Exercise aim:
The entries below are to be written out exactly, with no images included.
------------------------------------------------
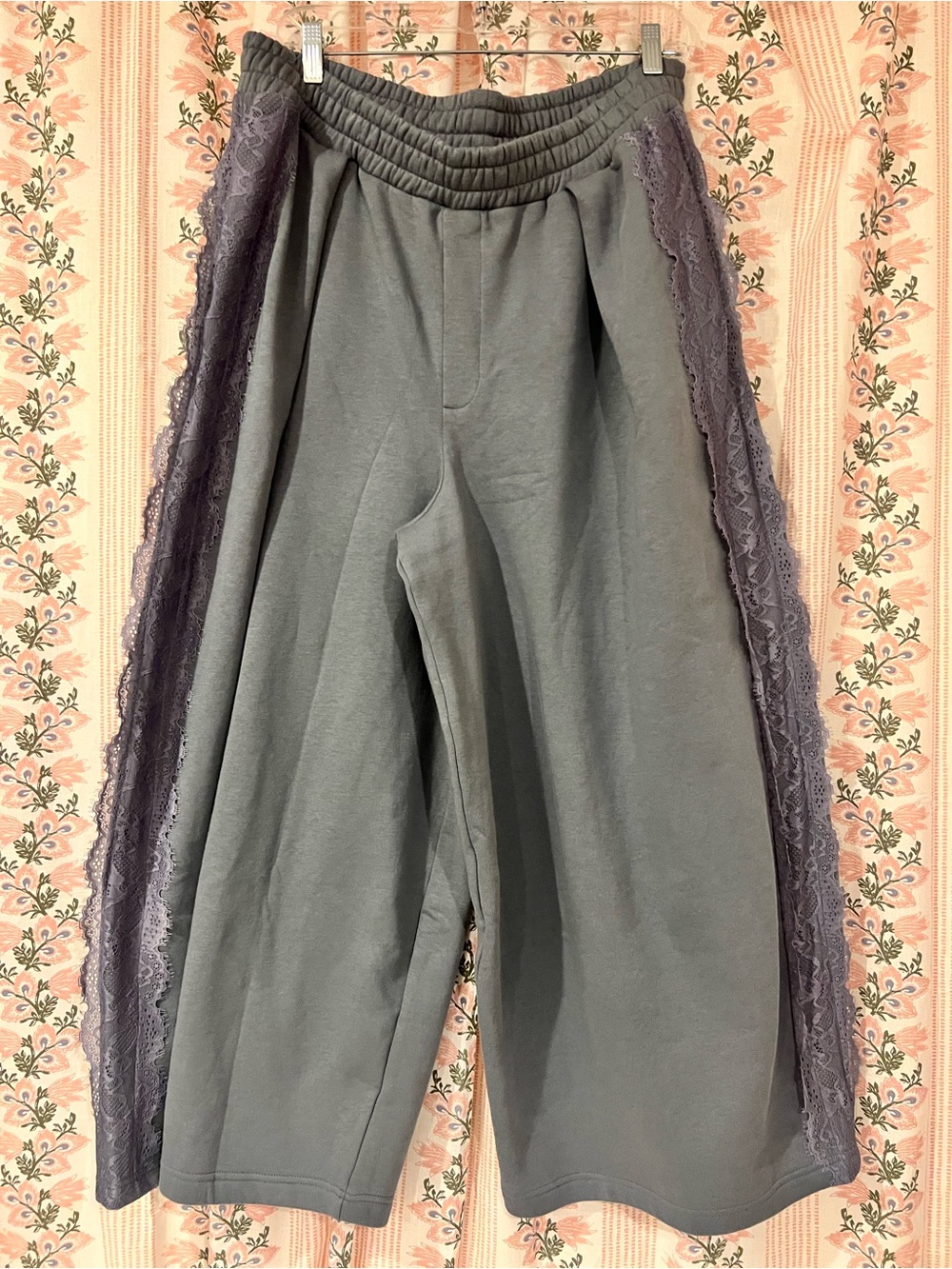 NWT Daily Practice by Anthropologie Lace Wide-Leg Sweatpants Grey LP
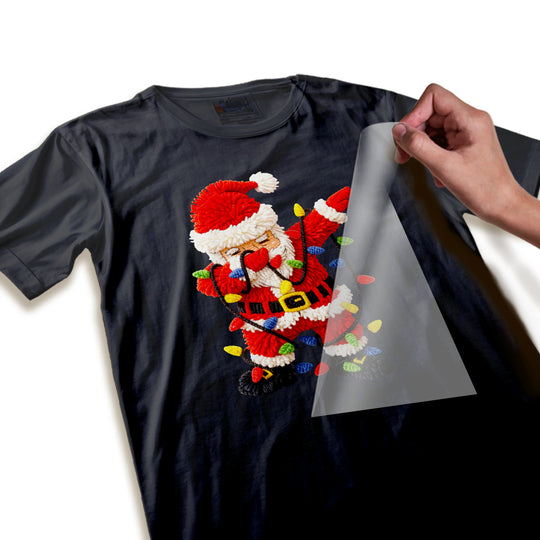 Close-up detail view of Santa Christmas lights DTF transfer showing embroidered texture and vibrant colors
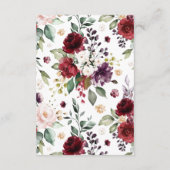 Blush Pink & Burgund Hochzeitsdetails - Umriss Begleitkarte (Rückseite)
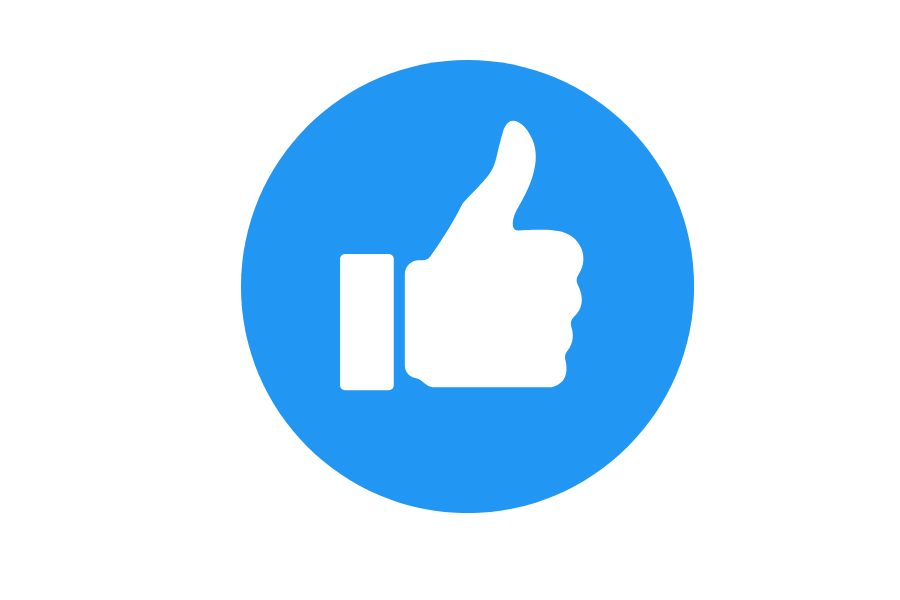 A thumbs up icon in a blue circle on a white background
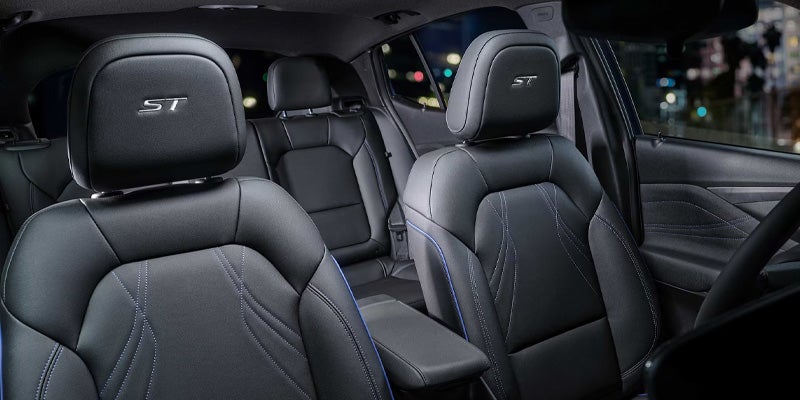 Black leather SUV seats with ST logos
------------------------------------------------
Solution to this exercise:
 NWT Daily Practice by Anthropologie Lace Wide-Leg Sweatpants Grey LP
 Close-up detail view of Santa Christmas lights DTF transfer showing embroidered texture and vibrant colors
 Blush Pink & Burgund Hochzeitsdetails - Umriss Begleitkarte (Rückseite)
 A thumbs up icon in a blue circle on a white background
 Black leather SUV seats with ST logos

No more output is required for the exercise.